- **Required action**: Once the line with "Xe quân đội" is found in the entries below, repeat it and each following line exactly, up to and including the line with "Used 2022 Chrysler". Add no other lines.

- **Data shown**:

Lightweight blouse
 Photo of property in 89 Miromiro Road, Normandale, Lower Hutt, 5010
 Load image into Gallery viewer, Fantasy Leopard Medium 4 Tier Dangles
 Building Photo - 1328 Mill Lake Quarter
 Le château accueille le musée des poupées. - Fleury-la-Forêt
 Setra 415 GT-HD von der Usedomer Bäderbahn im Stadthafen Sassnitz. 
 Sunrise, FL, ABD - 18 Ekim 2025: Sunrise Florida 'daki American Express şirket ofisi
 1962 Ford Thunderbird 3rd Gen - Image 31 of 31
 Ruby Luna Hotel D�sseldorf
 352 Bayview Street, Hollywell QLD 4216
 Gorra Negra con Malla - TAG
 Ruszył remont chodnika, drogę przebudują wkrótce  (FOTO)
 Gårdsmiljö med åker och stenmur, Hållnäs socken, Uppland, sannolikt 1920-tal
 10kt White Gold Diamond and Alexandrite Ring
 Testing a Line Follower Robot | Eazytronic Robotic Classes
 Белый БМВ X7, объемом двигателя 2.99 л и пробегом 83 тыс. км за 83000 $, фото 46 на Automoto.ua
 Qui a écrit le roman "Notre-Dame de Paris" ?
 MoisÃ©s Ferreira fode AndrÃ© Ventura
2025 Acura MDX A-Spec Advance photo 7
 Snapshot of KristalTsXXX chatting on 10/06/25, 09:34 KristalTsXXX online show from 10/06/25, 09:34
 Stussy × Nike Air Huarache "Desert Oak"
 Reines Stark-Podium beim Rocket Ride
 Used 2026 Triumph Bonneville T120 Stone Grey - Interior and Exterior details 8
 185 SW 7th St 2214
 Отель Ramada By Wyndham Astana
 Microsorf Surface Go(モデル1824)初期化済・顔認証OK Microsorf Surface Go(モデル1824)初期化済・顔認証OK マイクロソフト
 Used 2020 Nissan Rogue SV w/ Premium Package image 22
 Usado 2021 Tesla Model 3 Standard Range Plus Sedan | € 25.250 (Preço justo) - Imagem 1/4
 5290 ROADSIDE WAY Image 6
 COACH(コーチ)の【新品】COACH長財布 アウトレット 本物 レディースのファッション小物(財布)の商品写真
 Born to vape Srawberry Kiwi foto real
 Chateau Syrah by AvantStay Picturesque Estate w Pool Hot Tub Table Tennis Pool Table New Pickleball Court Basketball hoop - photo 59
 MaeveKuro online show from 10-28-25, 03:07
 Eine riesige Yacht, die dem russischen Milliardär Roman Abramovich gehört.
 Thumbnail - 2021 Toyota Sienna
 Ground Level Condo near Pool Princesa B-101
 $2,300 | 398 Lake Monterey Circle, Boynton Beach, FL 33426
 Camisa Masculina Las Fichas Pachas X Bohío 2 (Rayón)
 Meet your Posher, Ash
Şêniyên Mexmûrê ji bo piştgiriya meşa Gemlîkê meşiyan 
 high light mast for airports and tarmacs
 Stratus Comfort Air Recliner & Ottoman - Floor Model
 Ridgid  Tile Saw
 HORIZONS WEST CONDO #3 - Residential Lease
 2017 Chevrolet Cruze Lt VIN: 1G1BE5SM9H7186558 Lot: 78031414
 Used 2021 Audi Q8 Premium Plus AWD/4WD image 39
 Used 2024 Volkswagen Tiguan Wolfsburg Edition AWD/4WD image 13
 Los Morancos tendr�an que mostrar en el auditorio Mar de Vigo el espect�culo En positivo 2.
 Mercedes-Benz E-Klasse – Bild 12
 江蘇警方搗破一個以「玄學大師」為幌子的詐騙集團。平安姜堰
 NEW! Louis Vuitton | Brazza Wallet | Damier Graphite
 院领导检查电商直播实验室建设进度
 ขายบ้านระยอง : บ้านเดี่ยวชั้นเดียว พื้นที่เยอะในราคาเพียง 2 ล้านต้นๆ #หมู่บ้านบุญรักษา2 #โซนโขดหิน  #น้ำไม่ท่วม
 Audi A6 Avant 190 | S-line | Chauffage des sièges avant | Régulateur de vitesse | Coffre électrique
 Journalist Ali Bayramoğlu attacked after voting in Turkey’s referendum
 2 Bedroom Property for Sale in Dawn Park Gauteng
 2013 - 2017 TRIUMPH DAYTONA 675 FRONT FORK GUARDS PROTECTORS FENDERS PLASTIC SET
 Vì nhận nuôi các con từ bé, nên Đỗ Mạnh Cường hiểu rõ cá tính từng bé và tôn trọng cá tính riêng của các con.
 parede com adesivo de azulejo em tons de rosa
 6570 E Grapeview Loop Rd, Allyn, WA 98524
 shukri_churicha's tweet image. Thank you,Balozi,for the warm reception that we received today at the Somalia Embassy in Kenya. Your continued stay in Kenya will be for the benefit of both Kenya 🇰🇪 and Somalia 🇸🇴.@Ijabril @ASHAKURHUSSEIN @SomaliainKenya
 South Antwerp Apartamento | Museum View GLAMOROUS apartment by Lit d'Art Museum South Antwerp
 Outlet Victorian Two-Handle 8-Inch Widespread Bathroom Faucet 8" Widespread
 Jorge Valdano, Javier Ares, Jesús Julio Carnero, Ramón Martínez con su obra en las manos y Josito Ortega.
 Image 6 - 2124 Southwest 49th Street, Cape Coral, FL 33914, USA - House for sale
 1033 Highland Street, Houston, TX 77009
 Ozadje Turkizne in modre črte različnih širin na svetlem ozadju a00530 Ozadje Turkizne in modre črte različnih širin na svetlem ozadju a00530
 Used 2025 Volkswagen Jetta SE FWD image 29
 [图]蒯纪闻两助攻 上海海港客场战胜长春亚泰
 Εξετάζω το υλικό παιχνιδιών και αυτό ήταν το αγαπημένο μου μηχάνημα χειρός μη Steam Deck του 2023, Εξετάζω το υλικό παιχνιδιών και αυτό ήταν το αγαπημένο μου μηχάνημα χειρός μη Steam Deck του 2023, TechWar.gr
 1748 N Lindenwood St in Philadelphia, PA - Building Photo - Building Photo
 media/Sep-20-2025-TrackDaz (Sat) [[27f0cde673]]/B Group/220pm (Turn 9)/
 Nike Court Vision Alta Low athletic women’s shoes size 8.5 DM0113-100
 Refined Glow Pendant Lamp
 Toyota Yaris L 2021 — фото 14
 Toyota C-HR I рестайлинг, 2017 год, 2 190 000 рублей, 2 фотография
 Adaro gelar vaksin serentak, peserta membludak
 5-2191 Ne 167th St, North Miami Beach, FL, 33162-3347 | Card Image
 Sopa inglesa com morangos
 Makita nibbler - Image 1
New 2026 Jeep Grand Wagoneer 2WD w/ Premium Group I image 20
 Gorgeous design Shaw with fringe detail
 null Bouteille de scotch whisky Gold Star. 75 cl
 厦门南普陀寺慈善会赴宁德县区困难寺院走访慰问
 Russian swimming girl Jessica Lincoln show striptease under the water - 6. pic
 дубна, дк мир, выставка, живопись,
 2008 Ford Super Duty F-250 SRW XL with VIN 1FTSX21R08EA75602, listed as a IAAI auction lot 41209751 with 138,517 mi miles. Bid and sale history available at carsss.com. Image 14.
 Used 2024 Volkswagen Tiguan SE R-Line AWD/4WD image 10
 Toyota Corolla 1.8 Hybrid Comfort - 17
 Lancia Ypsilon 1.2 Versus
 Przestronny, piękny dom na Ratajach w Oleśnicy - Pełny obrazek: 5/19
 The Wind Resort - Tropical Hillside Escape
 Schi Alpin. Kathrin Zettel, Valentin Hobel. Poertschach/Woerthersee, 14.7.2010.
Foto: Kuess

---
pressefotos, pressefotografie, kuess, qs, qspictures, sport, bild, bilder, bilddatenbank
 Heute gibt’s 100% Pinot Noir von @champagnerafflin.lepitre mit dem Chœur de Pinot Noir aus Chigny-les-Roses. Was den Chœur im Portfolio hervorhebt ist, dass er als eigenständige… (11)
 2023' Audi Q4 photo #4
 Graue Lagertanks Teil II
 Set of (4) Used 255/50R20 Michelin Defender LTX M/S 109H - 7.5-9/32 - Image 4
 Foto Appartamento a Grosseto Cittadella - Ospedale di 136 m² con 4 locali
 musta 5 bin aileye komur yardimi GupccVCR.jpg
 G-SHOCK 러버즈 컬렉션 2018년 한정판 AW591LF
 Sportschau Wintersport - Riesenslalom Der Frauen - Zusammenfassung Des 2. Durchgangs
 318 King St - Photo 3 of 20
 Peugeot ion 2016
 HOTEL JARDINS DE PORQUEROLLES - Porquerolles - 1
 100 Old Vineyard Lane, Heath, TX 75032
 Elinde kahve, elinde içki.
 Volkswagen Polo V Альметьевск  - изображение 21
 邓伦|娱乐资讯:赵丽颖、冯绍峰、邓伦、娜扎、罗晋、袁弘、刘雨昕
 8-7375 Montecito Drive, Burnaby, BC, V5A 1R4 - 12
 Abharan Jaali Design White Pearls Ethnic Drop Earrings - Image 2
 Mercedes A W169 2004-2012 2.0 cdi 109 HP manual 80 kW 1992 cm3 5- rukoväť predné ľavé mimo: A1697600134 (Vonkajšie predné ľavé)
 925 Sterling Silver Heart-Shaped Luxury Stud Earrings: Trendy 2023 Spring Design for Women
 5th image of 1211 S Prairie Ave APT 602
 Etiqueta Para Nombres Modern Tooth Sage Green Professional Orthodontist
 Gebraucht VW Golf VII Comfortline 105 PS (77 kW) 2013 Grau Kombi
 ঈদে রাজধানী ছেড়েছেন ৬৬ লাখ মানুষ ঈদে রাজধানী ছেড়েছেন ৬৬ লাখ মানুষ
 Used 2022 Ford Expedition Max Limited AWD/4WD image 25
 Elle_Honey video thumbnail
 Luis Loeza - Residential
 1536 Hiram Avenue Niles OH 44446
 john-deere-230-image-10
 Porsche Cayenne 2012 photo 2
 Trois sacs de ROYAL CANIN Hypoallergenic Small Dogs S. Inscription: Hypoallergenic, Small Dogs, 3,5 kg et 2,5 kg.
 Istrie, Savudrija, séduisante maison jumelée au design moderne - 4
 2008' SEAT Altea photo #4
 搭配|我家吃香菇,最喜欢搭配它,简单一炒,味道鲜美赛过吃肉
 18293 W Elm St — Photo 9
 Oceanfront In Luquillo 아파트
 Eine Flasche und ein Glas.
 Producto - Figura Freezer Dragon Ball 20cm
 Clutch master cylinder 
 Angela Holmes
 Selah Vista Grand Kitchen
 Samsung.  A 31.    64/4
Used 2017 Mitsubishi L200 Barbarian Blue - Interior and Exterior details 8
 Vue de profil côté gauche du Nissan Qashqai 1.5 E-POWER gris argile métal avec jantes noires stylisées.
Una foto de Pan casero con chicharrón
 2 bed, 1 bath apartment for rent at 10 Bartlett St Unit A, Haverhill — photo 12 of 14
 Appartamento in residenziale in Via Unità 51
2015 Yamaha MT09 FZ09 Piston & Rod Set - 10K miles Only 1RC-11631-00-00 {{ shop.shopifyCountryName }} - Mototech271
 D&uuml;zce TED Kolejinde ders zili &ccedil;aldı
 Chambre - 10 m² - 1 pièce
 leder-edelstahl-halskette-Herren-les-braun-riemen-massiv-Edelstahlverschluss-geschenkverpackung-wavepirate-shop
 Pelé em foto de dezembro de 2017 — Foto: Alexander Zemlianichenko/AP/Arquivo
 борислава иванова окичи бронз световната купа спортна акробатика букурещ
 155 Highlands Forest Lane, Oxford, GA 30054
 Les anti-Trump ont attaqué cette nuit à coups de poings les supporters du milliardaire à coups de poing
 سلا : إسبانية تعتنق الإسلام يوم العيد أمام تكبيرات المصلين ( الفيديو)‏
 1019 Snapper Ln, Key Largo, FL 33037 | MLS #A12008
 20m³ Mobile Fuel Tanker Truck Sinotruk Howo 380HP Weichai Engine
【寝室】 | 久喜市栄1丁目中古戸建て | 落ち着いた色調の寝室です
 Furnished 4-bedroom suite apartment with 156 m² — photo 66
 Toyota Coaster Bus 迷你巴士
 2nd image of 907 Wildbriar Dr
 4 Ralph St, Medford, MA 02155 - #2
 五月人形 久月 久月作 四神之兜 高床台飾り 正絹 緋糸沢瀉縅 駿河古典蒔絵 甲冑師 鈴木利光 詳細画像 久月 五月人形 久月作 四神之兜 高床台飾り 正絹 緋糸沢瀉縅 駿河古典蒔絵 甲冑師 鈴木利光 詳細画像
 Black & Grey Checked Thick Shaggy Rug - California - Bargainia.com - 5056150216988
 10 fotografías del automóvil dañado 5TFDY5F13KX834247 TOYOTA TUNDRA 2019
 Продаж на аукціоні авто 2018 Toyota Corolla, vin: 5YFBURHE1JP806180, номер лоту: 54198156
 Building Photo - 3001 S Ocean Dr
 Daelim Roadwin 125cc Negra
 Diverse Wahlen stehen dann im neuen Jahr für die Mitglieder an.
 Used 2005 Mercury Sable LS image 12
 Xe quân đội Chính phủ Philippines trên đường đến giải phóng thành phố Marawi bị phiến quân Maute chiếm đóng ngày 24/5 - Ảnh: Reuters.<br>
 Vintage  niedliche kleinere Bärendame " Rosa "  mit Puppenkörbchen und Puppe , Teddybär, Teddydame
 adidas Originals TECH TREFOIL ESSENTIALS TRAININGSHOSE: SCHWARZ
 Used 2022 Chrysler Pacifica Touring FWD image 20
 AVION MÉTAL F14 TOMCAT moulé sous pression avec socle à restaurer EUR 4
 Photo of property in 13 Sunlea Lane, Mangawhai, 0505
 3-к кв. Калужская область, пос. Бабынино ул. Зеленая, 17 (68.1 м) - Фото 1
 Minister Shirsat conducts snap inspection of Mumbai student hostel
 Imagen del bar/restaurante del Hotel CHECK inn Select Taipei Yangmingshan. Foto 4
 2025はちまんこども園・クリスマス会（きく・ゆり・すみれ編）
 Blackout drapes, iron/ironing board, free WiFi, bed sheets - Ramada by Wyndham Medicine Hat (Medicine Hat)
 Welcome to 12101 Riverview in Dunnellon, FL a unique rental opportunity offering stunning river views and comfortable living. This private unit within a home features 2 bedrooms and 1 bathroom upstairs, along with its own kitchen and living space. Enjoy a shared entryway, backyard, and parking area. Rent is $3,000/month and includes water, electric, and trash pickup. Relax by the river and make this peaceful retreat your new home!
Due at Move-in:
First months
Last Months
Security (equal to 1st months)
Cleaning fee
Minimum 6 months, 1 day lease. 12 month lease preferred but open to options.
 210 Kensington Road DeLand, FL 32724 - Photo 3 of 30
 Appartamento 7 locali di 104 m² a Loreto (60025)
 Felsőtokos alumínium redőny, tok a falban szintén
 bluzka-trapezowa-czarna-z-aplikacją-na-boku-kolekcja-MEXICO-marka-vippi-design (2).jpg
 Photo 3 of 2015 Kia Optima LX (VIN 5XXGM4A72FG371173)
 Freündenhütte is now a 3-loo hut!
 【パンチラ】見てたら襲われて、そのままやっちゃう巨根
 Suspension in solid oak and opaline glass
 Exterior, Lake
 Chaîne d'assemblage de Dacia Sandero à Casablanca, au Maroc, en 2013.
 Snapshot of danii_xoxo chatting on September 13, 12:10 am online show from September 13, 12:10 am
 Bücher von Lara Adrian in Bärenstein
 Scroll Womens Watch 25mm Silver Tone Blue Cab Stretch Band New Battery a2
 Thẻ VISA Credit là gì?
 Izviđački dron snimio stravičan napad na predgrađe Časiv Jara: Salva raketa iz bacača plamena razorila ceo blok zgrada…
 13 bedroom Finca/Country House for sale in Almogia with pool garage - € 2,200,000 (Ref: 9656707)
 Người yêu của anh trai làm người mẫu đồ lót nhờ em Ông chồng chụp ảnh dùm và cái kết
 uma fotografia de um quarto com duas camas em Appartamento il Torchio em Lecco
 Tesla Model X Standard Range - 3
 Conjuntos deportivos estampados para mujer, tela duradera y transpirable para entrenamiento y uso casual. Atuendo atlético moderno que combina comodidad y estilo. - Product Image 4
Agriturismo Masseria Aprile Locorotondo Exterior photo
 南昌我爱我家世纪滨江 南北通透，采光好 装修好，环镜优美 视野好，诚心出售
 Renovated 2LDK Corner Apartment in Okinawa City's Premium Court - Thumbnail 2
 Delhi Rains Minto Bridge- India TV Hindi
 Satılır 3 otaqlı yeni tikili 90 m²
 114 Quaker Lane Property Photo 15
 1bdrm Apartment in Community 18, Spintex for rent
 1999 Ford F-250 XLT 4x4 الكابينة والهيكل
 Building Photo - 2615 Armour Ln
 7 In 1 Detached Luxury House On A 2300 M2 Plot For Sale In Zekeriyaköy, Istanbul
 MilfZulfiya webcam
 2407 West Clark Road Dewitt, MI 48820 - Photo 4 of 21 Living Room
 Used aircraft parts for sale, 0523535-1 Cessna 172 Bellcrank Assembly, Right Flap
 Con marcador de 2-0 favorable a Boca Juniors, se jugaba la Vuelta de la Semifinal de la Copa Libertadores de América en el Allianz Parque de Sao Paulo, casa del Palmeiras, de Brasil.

- **Response area**:
 Xe quân đội Chính phủ Philippines trên đường đến giải phóng thành phố Marawi bị phiến quân Maute chiếm đóng ngày 24/5 - Ảnh: Reuters.<br>
 Vintage  niedliche kleinere Bärendame " Rosa "  mit Puppenkörbchen und Puppe , Teddybär, Teddydame
 adidas Originals TECH TREFOIL ESSENTIALS TRAININGSHOSE: SCHWARZ
 Used 2022 Chrysler Pacifica Touring FWD image 20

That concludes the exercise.